Starbucks is a formidable runner-up
Starbucks is holding strong in the number-two spot, and this year, that is quite an accomplishment in itself. The chain has such a strong association with metropolitan commuters that the pandemic could have spelled doom for the brand, and to be sure, Starbucks did suffer as a result of office closures—overall sales were down 5% as compared to 2019. But it was still comfortably ahead of Taco Bell in the third spot, and I have some guesses as to why that might be: the higher cost per menu item at Starbucks can lead to high sales figures, as can the sheer number of Starbucks locations, second only to Subway at 15,337 units (and well ahead of McDonald’s 13,673).
Subway continues to struggle
Ah, Subway, will your troubles ever cease? While the chain was still number one in terms of the amount of locations this year (22,177), it fell even farther in the rankings, slipping down one spot and reporting a net loss of 8.2% (!!!) over the previous year. The pandemic was hard on these chains in different ways, but given Subway’s recent track record, it’s not unreasonable to think that it might have experienced those kind of losses whether there was a pandemic or not.

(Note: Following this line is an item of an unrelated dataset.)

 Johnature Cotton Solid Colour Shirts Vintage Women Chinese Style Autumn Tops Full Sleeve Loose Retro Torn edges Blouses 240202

Wendy’s harnesses the power of breakfast
At a media event earlier this year, Wendy’s reflected on a year of serving its brand-new breakfast menu, which it debuted just a week prior to nationwide shutdown orders last year. That breakfast menu ended up seriously bolstering the chain throughout 2020, in part because the work-from-home crowd was placing breakfast orders for the whole family, not just for the solitary on-the-go commuter. The sales figures alone cannot fully illustrate just how well Wendy’s did last year. For that, you need to look at the big picture: it snuck up two slots in the rankings from number 7 to number 5, with a year-over-year change of +4.8%. Take that, McDonald’s.
Chick-fil-A remains America’s chicken destination
Popeyes might beat Chick-fil-A in a chicken sandwich taste test, but the former did less than half the business of the latter last year. Not only that, but Chick-fil-A sales grew by 3.8% in 2020 over the previous year, and it sits well above chains that have significantly more locations. Just in case we thought we might be on the downswing of chicken sandwich mania, it’s worth noting that Chick-fil-A has steadily continued to exhibit chickeny dominance.

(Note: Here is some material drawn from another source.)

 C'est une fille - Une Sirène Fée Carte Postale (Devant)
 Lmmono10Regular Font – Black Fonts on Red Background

Fast food (and fast casual) is still in recovery
There have already been a zillion articles published over the past 16 months detailing the peril that chain restaurants find themselves in, but NRN’s Top 500 report cites some interesting figures that illustrate the industry-wide upheaval:
Sales among the Top 500 in the U.S. totaled $305.1 billion, a decline of 4.3% compared with 2019. That translates to the disappearance of $13.8 billion in sales among the Top 500 cohort after restaurants were forced to close for dine-in service.
“The disappearance of $13.8 billion.” That’s a striking way to say that, isn’t it? There’s a reason that restaurant dining quickly became shorthand for all the struggles of quarantine: we all do it, we all love it, many of us make a living off of it, and none of us had never encountered a scenario where we were completely stripped of our ability to do it. If not for workarounds like mobile app orders, curbside pickup, and delivery, it’s likely that the $13.8 billion figure would have grown much larger. Let’s hope the industry not only recovers, but emerges even stronger, equipped to pay its workers good wages and serve up chicken sandwiches until we finally, finally begin to tire of them.
And just because I know you were curious...
Coming in dead last on the top 50 restaurants was TGI Fridays, down 18.2% since 2019. Ouch. And which restaurant, you might wonder, was heartbreakingly ranked number 51, so close and yet so far from inclusion in the Top 50 list? That title goes to Checkers/Rally’s. We’ll be rooting for them in 2022. Come on, Checkers and/or Rally’s! You can do it! We wish you the very best as you attempt to break away from your spot in the rankings directly ahead of Hooters.